Along those same lines, the FDA describes the preventive controls as science- and risk-based and points out that the proposed rule would require controls only where necessary to prevent hazards to public health and would exempt certain facilities from requirements or modify requirements for certain low-risk activities.
In addition, the requirements are flexible in that food processors could develop preventive controls that fit their products and operations, as long as they are adequate to significantly minimize all food-safety hazards that are reasonably likely to occur, according to FDA.
Size does come into play when it comes to exemptions. With certain stipulations and requirements, “small” and “very small” processors, as well as those with a previous 3-year average product value of less than $500,000, would qualify for an exemption, but they would not be exempt from following food-safety rules and good handling practices.
What about CSAs and farm stands?
FDA’s Jenny Scott said that farm stands and CSAs (Community Supported Agriculture) organizations, which are similar to subscribing for baskets or boxes of food on a regular basis from a farm or group of farms) would likely be classified as “exempt retail establishments.” That would mean they wouldn’t be subject to HARPC, although food-safety practices would need to be followed. But since this is a proposed rule, there’s no saying how the final rule, which is expected to be released late next year, will actually treat these sort of farming operations.

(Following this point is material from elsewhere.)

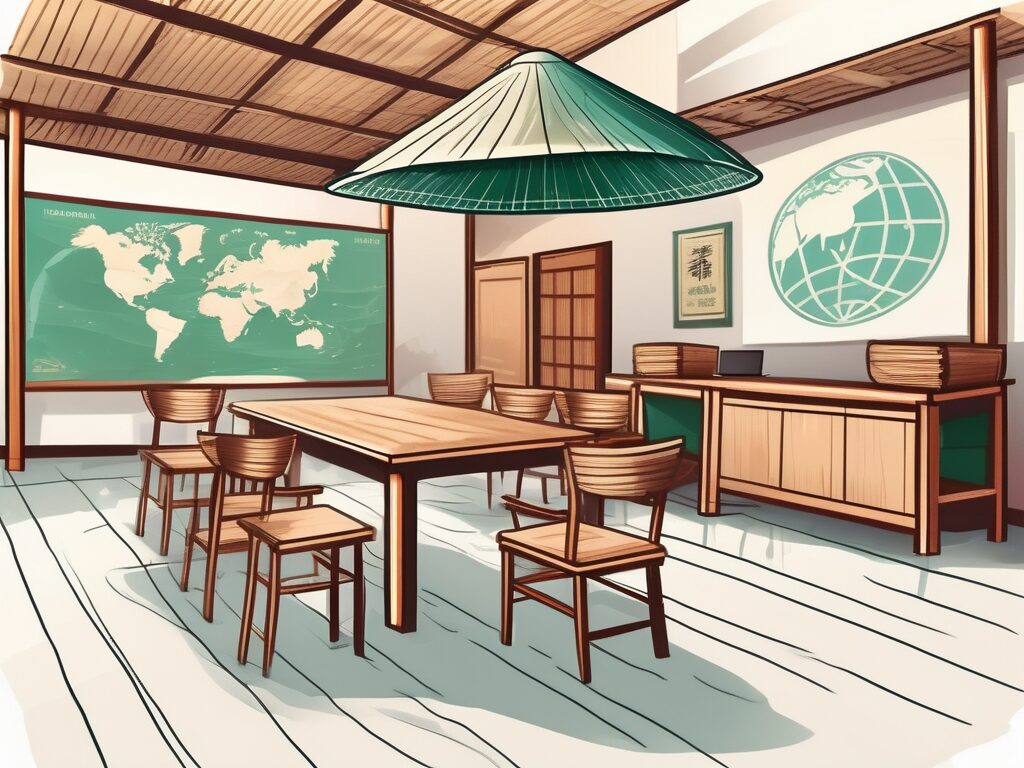 A classroom setting with typical vietnamese cultural elements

What about current Good Manufacturing Practices?
According to an article in Food Processing, for the past several decades, current Good Manufacturing Practices (CGMP) have provided the primary food safety framework for most foods regulated by the FDA. As such, they cover practices that need to be followed to ensure that food is manufactured, processed, packed and held under sanitary conditions and that the food is safe, clean and wholesome.

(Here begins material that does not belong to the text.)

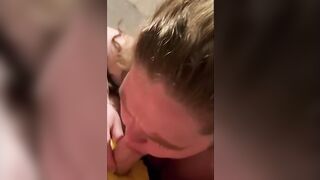 Miss Dawn blowing the pineapple off a penis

While HARPC embraces the same goals, it goes in a different direction, pointing the way to preventing food from being contaminated with harmful pathogens such as E. coli, Salmonella and Listeria, which can sicken or kill people. The goal is to make sure that specific potential threats to the food supply can be identified so that effective measures can be taken to counter them before any harm can occur.
Make sure to send in written comments
FDA’s Jenny Scott said that it’s extremely important for people to send in written comments, primarily because the agency needs to know what people are concerned about and what they would like to see changed and why.
“We really want to hear about specific situations and concerns and how people would be impacted by the proposed rule,” she said. But she emphasized that it’s only when the agency gets a written comment that it can be considered.
Due to requests from many people in the ag industry, the comment period was extended to Sept. 16, 20013.
The first year of enforcement will likely be 2016, although the dates are staggered for small facilities (3 years) and for “very small” facilities (4 years).
I need help with this
Scott said that people can ask their county extension agents for help figuring out whether their farm or processing facility needs to comply with HARPC requirements. During office hours (Eastern Standard Time), they can also call this toll-free number: 1-888-SafeFood (723-3366).
In the meantime, the Food Safety Preventive Controls Alliance is developing FDA-approved training materials for implementing HARPC. Guidance on the best way to implement the requirements is also being developed.